Reader Reviews

The following review was posted unsolicited in March 2012 (please click):

An earlier review is reproduced here with permission (please click):

A later review (March 2014) is reproduced here with permission (please click):

Additional reviews follow below, again with permission:

Your book is absolutely genius! It has changed my life but I am not disappointed, so much about having spent my entire life to this point "blind". Instead, I am relieved and grateful to be able to see the light - finally. Thank you so much for that gift! I feel like I have been peeling an onion - one layer at a time - and I am finally getting close to the core.

I am only about halfway through the book and try to fit it in around my family obligations, etc. - but one thing I keep coming back to is this: The evidence you present to support your conclusions is so much more convincing than anything the church offers because they really do not offer evidence. Catholics are supposed to just accept it. Even when Catholic apologists point to scripture to justify their claims, it usually doesn't even match.

You have made your case and have done so in a way that is easy to understand, though a bit hard to digest only because of long-held beliefs that had no basis.

KB, Illinois, USA

Let me say what a terrific book is Why Call Me God.

It is an excellent contribution to a true understanding of the Jesus myth, revealing numerous subtleties and nuances lost in translation.

KH, Sussex, UK

I have just finished reading your book, and indeed your website.

I have read many books regarding the origins of Christianity, many of them well researched and convincing but I have always come away from them with unresolved questions.

I have found with your book a succinct explanation and I do not have any such questions, it seems to have explained a lot.

Your explanation of The Lord God in Genesis was, to me, a revelation. I've since done some searching for this theme, and sure enough it is not an uncommon theme in antiquity. With this basis firmly set, the rest of the book follows.

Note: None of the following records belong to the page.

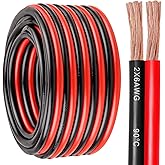 6 Gauge Wire 2 Conductors Copper Wire, 6 AWG Battery Cable Oxygen Free Copper Wire for Solar Panel, Automotive, Trailer, RV a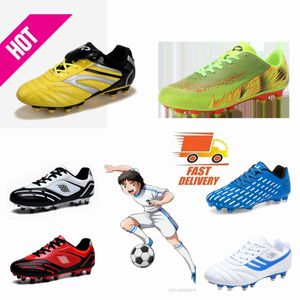 Quality Outdoor Hot High Men's Blooded Football Boots with Green Air Cushion Wrapped Edges Shock Absorption and Anti Slip Shoes, 35-45 71111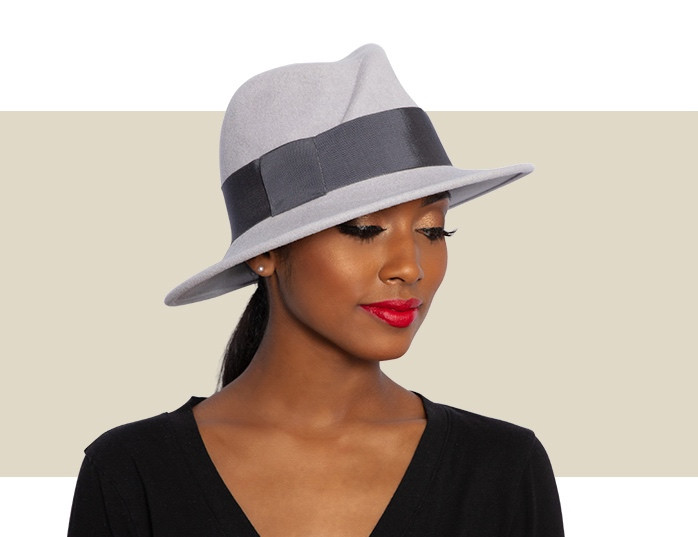GREY BLOGGER STYLE STYLISH FEDORA LADIES HAT *NEW* Scottie Wide Brim Fedora | Women main image 2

One puzzle that does sit with me is how on earth such an explanation has been subjugated for so long?

JS, Worcestershire, UK

... over the weekend he gave me your book and I have spent the last 5 days reading it (could not put it down).

I find the central idea very convincing and am most impressed by the consistency and logic of the argument and the great amount of detail having to do with the texts. I studied Greek also, so am familiar with the alphabet and some of the words but can't pretend to follow all the detail (I take your word for it).

I was also raised Catholic and really your book explains a whole lot that to my ears often seemed difficult to understand or downright illogical. If I go to Mass now I will be listening with 'new' ears, for example last Sunday had to do with the Pentacost about which you had interesting things to say.

Your central thesis is in a sense quite 'shocking', yet it is hard to argue with.

PG, Los Angeles, USA

In the wake of several recent books emanating from the Nag Hammadi trove, Hatfield, in his ground-breaking book Why Call Me God?, takes us into the unknown through his unravelling of riddles and mysteries encased in the ancient scriptures that have come down to us as the modern Bible.

His retranslation of the ancient Greek source provides clues that he astutely and logically interprets. The conclusions are indeed thought-provoking and the reader becomes Gnostic in the true sense of the term, that is knowledgeable about the true messages of these scriptures.

Able to decipher the ancient Greek, this reader came to a few insights on her own. For one, the writers of these ancient scriptures, in putting forth the notion that woman [is] made by the lesser god, were likely of a patriarchal mindset. Their words insinuated that a woman is of lower status than man and is thus obliged to obey her man. Also, these writers, being Gnostic, found a way to understand, be knowledgeable about the origins of the world's evil ways through their dualistic approach to religion and the mysteries of the unknown.

On the other hand, could it be that these scriptures were actually an ancient manifest for the simpler lifestyle, e.g. a herder's life which was perceived as good, as opposed to the farmer's lifestyle, perceived as evil, the latter then giving rise to towns and cities (and modern life as we know it)? In any event, they are writings left by an ancient group trying to understand the mysteries of life.

So, now that we have become knowledgeable, what should we believe in? The answer provided by these ancient writers as perceived by this reader was listen to one's heart, see with one's heart and all becomes clear!

A must read for the curious woman or man, especially anyone interested in ancient history, philosophy, religion, comparative religion and/or the great mythologies of this world, even if one does not fully agree with the findings.